Allerdings übergab die Chef­anklägerin die „hoch umstrittene Frage“, ob die drei besetzten Gebiete auch unter die territoriale Zuständigkeit des IStGH fallen, an eine dreiköpfige Vorprüfkammer des Gerichtshofes mit der Aufforderung zu einer „schnellen Untersuchung und Entscheidung“. Wie umstritten diese Frage ist, machten die Reaktionen der Regierungen Israels und der USA deutlich: „Der IStGH hat nur eine rechtliche Zuständigkeit für Petitionen, die von souveränen Staaten eingereicht wurden, aber es hat nie einen souveränen palästinensischen Staat gegeben“, erklärte der israelische Premierminister Benjamin Netanjahu. US-Außenminister Mike Pompeo sagte: „Wir lehnen diese und jede andere Maßnahme, die sich auf unfaire Weise gegen Israel richtet, entschieden ab.“ Die Palästinenser verfügten „nicht über einen souveränen Staat“ und könnten somit auch kein „vollständiges Mitglied“ in Institutionen wie dem IStGH sein. Israel und die USA sind dem 1998 in Rom gegründeten IStGH bis heute nicht beigetreten und lehnen jegliche Zuständigkeit des Gerichts für die Verfolgung von Verbrechen ihrer Staatsbürger ab. Hingegen wurde der „Staat Palästina“ 2015 auf gemeinsamen Antrag der Palästinensischen Autonomiebehörde in der Westbank und der im Gazastreifen regierenden Hamas Mitglied des IStGH und unterwarf sich damit ausdrücklich seiner Jurisdiktion. Zuvor hatte die UNO-Generalversammlung 2012 den langjährigen Beobachterstatus Palästinas aufgewertet zum „Nichtmitglied-Beobachterstaat“. Auf dieser Basis wurde der „Staat Palästina“ neben seinem Beitritt zum IStGH inzwischen auch von einer Reihe von UNO-Unterorganisationen aufgenommen und trat zahlreichen multi- und bilateralen Abkommen bei.
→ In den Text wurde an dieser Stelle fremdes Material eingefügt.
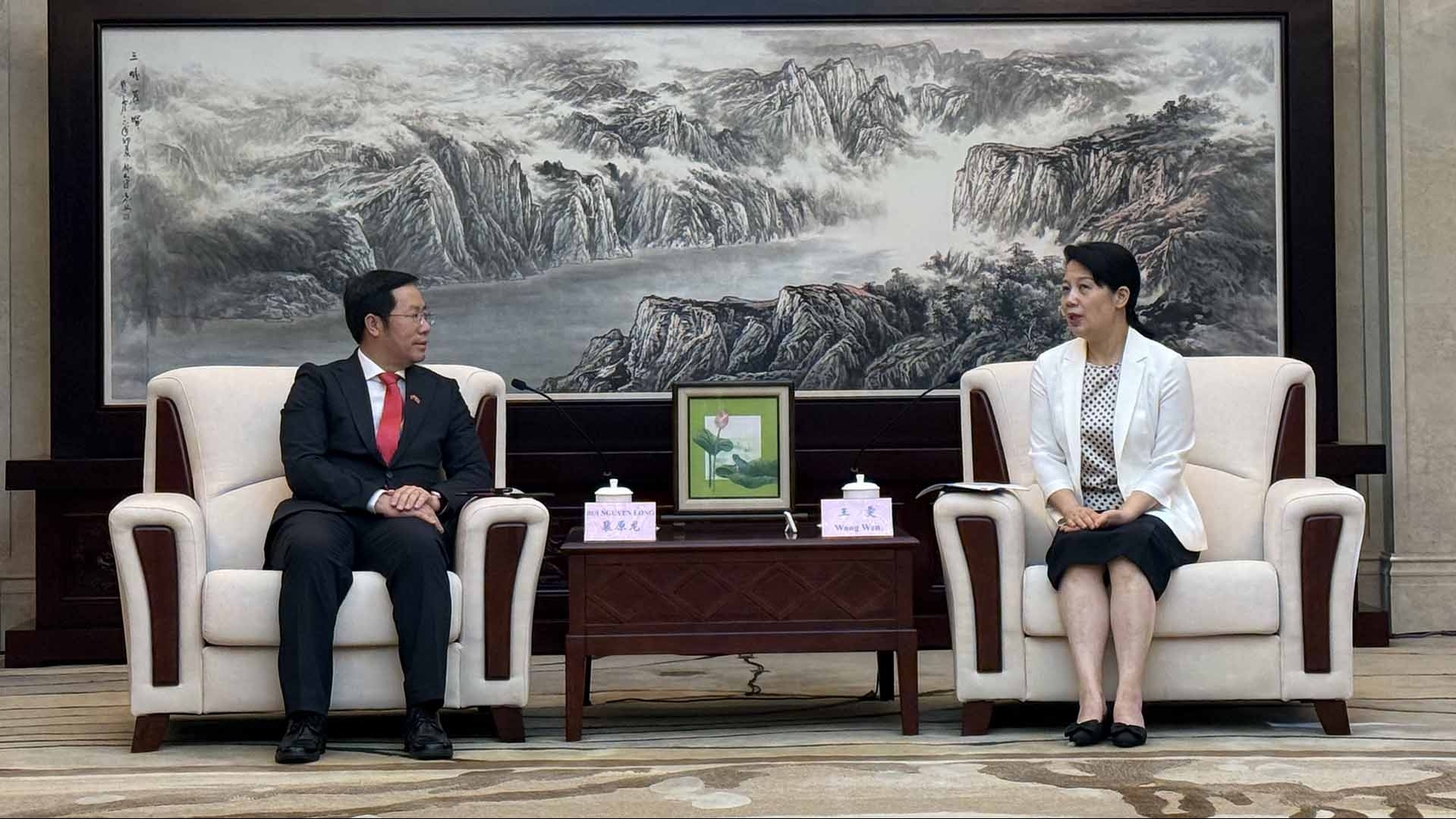 Tổng lãnh sự Bùi Nguyên Long hội kiến Chủ nhiệm Văn phòng Ngoại vụ Trùng Khánh Vương Văn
Chefanklägerin Bensouda macht in ihrem über 112-seitigen Untersuchungsauftrag an die Vorprüfkammer deutlich, dass sie aufgrund dieser völkerrechtlichen Entwicklung der letzten sieben Jahre die territoriale Zuständigkeit des IStGH für die besetzten Gebiete ohne Einschränkung für gegeben hält. Für den Fall, dass die Prüfkammer dieser Meinung nicht folgen sollte, verweist Bensouda ersatzweise auf die Genfer Konventionen und auf seit 1947 gefasste Beschlüsse des UNO-Sicherheitsrates und der Generalversammlung sowie auf Urteile des Internationalen Gerichtshofs zum Nahostkonflikt, aus denen sich die territoriale Zuständigkeit des IStGH ergebe. Notwendig sei eine für alle Seiten verbindliche Klärung dieser Frage, bevor der IStGH tatsächlich Ermittlungsverfahren zu mutmaßlichen Kriegsverbrechen eröffnet, betont die Chefanklägerin mehrfach. Denn daraus ergäben sich Konsequenzen mit Blick auf die Verpflichtung Israels, der Palästinenser und anderer Beteiligter zur Kooperation mit dem Gericht.